Das neue Papyrus Autor verfügt über eine für die Bedürfnisse eines Schriftstellers ausgebaute Gliederungsfunktion. Ein Roman gehört in die Kategorie “umfangreicher Text”, ist gegliedert in Kapitel und Szenen – die meisten Textprogramme machen es einem nicht leicht, sich darin zurechtzufinden, weil sie eher dazu gedacht sind, kurze Texte, Briefe und dergleichen, zu schreiben. Hier hat Papyrus Autor viel zu bieten, und ich freue mich, dass einiges davon auf meine Anregungen zurückgeht.

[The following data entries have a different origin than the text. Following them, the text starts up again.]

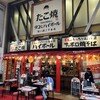 タコとハイボール 狸小路2丁目店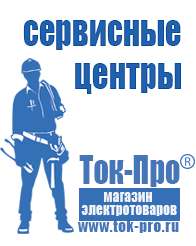 Магазин стабилизаторов напряжения Ток-Про Самые популярные стационарные блендеры в Энгельсе
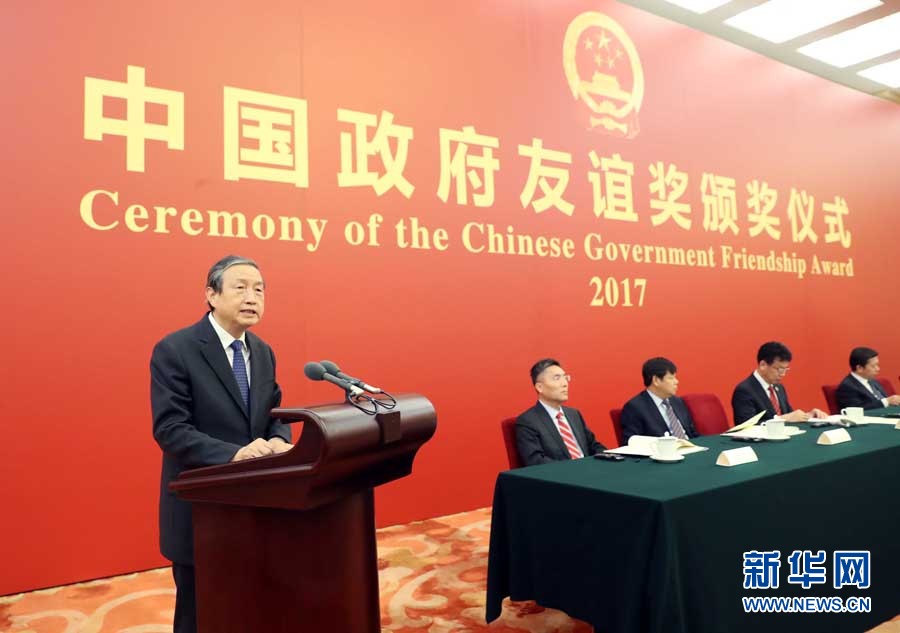 9月29日，2017年度中國(guó)政府友誼獎(jiǎng)?lì)C獎(jiǎng)儀式在北京人民大會(huì)堂隆重舉行。中共中央政治局委員、國(guó)務(wù)院副總理馬凱向獲獎(jiǎng)外國(guó)專(zhuān)家頒獎(jiǎng)并講話。新華社記者劉衛(wèi)兵攝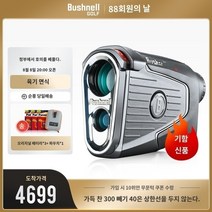 23년형 골프 레이저 거리측정기 800m 초경량 초소형 포켓 Bushnell 더블 비전 골프 거리 측정기 Doctor Can V6S V6 레이저 슬로프 망원경 전자 캐디, D.하이엔드 플래그십 PRO X3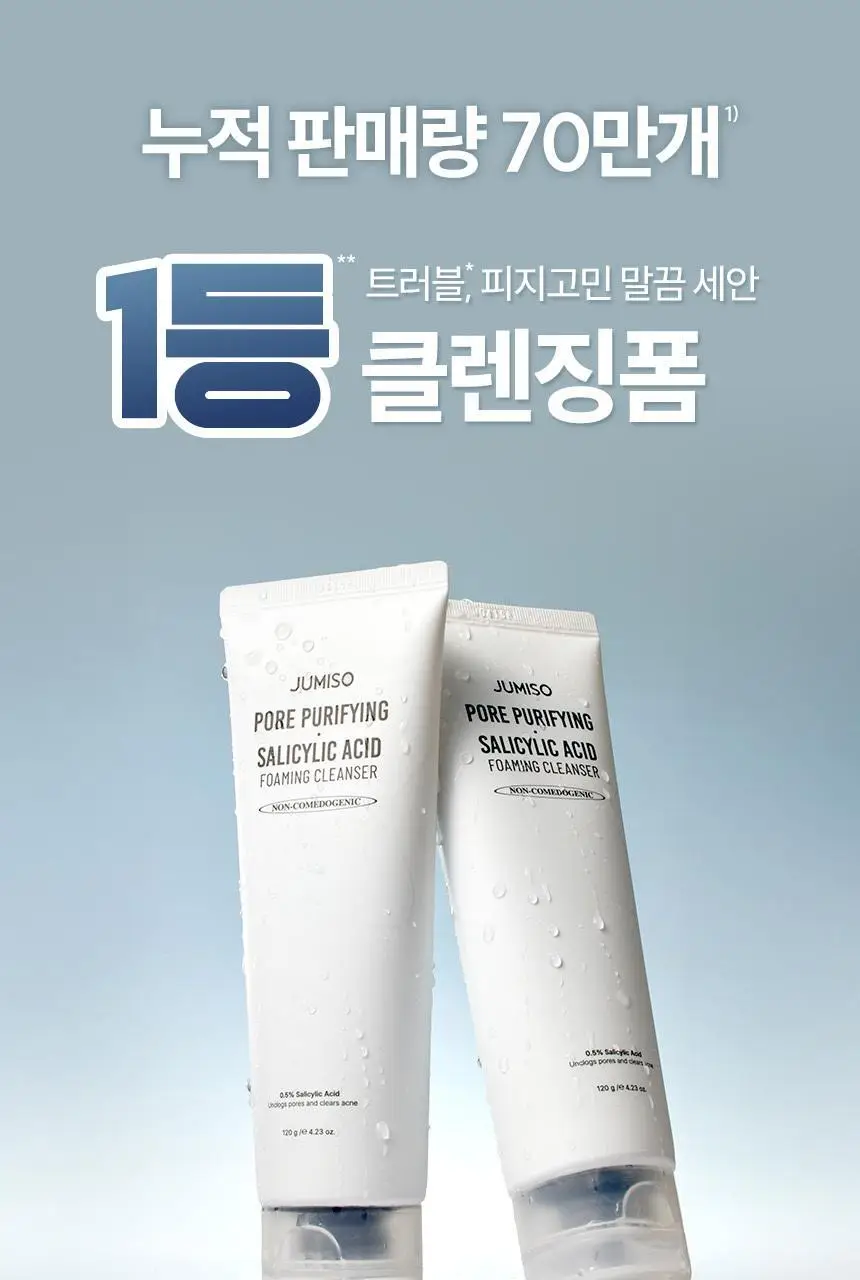 [여드름기능성/피지케어] 주미소 포어 퓨리파잉 살리실산 클렌징폼 120g 기획 (+20g) 상세페이지 1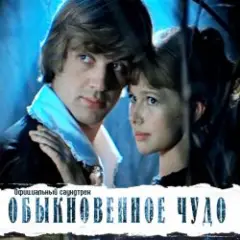 К/Ф “Обыкновенное чудо” — Песня Волшебника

Die wichtigste Neuerung dürfte aber die Funktion der Stilanalyse sein, die mehr oder weniger meine Methode des “10-Punkte-TÜVs” für die Überarbeitung von Texten umsetzt und damit – bedenkt man den Aufwand, die Markierungen von Hand zu machen – eigentlich erst richtig praktikabel macht.

 

macnews.de: Warum braucht man eine Stilüberprüfung? Schreiben am Ende nicht alle gleich?

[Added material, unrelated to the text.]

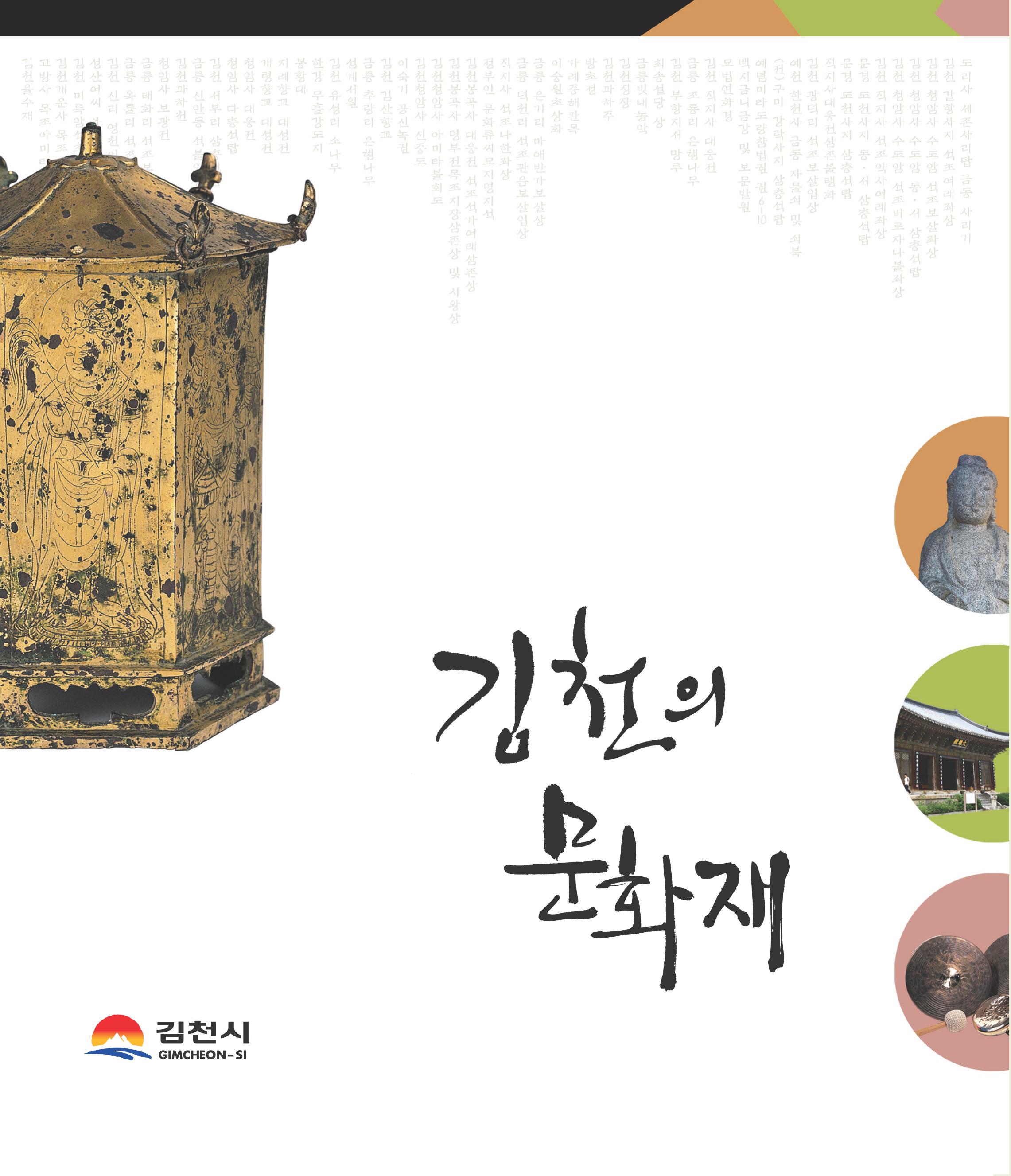 김천문화재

Eschbach: Was für eine Idee …! Nein, das ist so ungefähr die geringste Sorge, die ich habe. Ziel der Stilüberprüfung ist, den Computer zum persönlichen, jederzeit verfügbaren Lektor zu machen – natürlich nur so gut, wie eine Maschine oder sagen wir, ein algorithmischer Prozess das leisten kann, klar. Was ist der Job eines Lektors? In Ihrem Text alle Stellen anzustreichen, die er problematisch findet. Was Sie dann daraus machen, liegt bei Ihnen. Wenn Sie einen Text lektoriert zurückbekommen, dann werden Sie an vielen Stellen sagen, au ja, da hat er recht – das ändern Sie dann. An anderen Stellen werden Sie merken, dass Sie das aber genau so sagen wollten – dann lassen Sie es, wie es ist. 

Meine Erfahrung ist, dass man die Auseinandersetzung mit einem kritischen Lektor braucht, um seinen eigenen Stil überhaupt erst zu finden. Der Vorteil der computergestützten Stilanalyse ist, dass Sie deren Pingeligkeit selber einstellen können – und dass Sie ihre Vorschläge ablehnen können, ohne Streit befürchten zu müssen…

 

macnews.de: Wann kommen die zahlreichen Fragen und Antworten zum Schreiben auf Ihre neue Homepage?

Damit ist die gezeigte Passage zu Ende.